By midgame, the cameras pointed at the Dodgers and their eventual assault on Milton for nine hits in 62/3 innings, including two homers, one a grand slam.
"It's on me and it can't get much worse," Milton said. "I've let the team down and I feel bad for the fans. I don't know what it is.
"I don't have answers right now and I've tried everything," he said after his record slipped to 2-3. "I was cruising along tonight and all of a sudden I made too many mistakes."
All they needed early was one camera, focused directly on Milton, who hit a home run and gave up only one hit in four innings..
When Milton's name is mentioned in the same sentence with the term, "Home run," 99-and- 44/100ths percent of the time it means he gave one up — 13 this year, a league-leading 43 last year, 205 for his career.

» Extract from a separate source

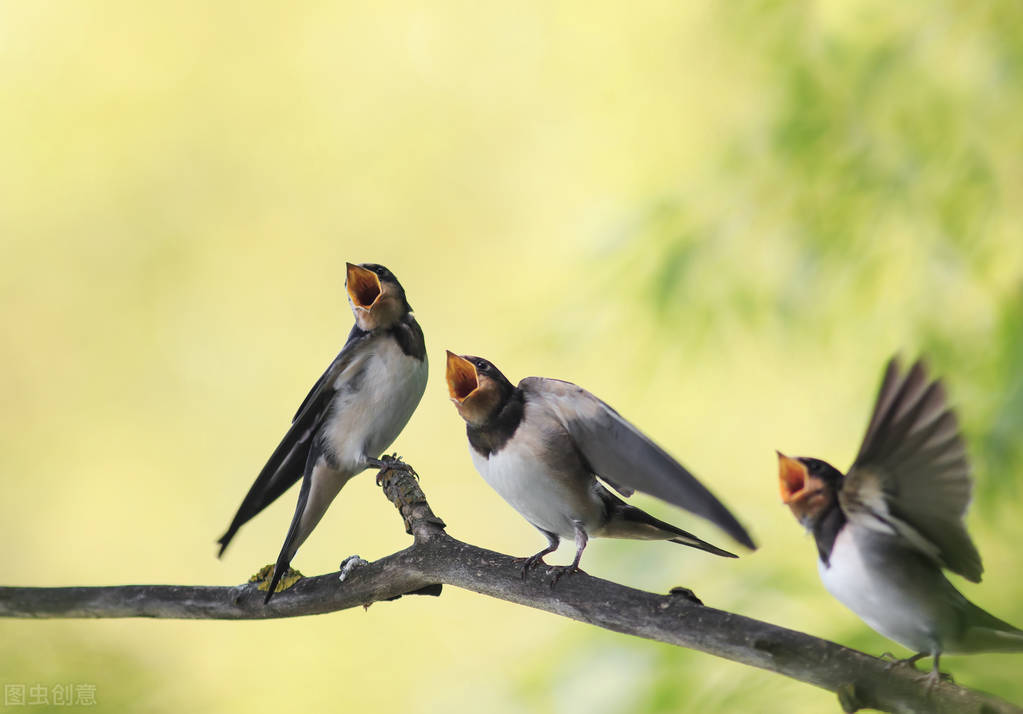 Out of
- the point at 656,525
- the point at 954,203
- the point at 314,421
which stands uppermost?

On Sunday, it was Milton hitting a home run, first of his career, to give himself and the Reds a 1-0 lead in the third inning.
The camera could have left Milton briefly to focus on Ken Griffey Jr. for his 417-foot shot in the fourth that nobody could catch but a guy wearing a blue shirt and munching a Nuxy Knots pretzel in the right field seats, Griffey's third homer of the season, 504th of his career and a 2-0 lead for Milton.
Then it began unraveling and cameras were focusing here, there and everywhere after.
The Dodgers cut it to 2-1 in the fifth on doubles by Jason Phillips and opposing pitcher Jeff Weaver.
The situation returned to normal for Milton in the sixth, giving up home runs instead of hitting them, and he gave up a monster to Phillips, a grand slam behind singles to Jason Repko, Bradley and Jeff Kent ... and it was 5-2 Dodgers.
Perhaps Milton was fooled by the goofy-looking glasses worn by Phillips to collect four hits and drive in five runs.
"It has been tough on us, tough on the team," Milton said. "I tried to pitch inside (on Phillips) and didn't locate, caught too much of the plate."
The handwriting was clearly scrawled on the Reds' dugout bathroom wall in the sixth when they filled the bases and didn't score. Joe Randa flied to shallow center and Rich Aurilia struck out.
"That was an inning we could have bounced right back and got back in it, but we couldn't get the big blow like they got," manager Dave Miley said.
Bradley made it 6-2 in the seventh with another homer off Milton, the 56th he has given up over last season and this season, most by any human wearing a major-league uniform.
It all added up to the Reds' ninth loss in 10 games and as far as they are concerned ESPN can take all their cameras and dump them in the Ohio River. The Reds are 7-13 in ESPN Sunday Night games.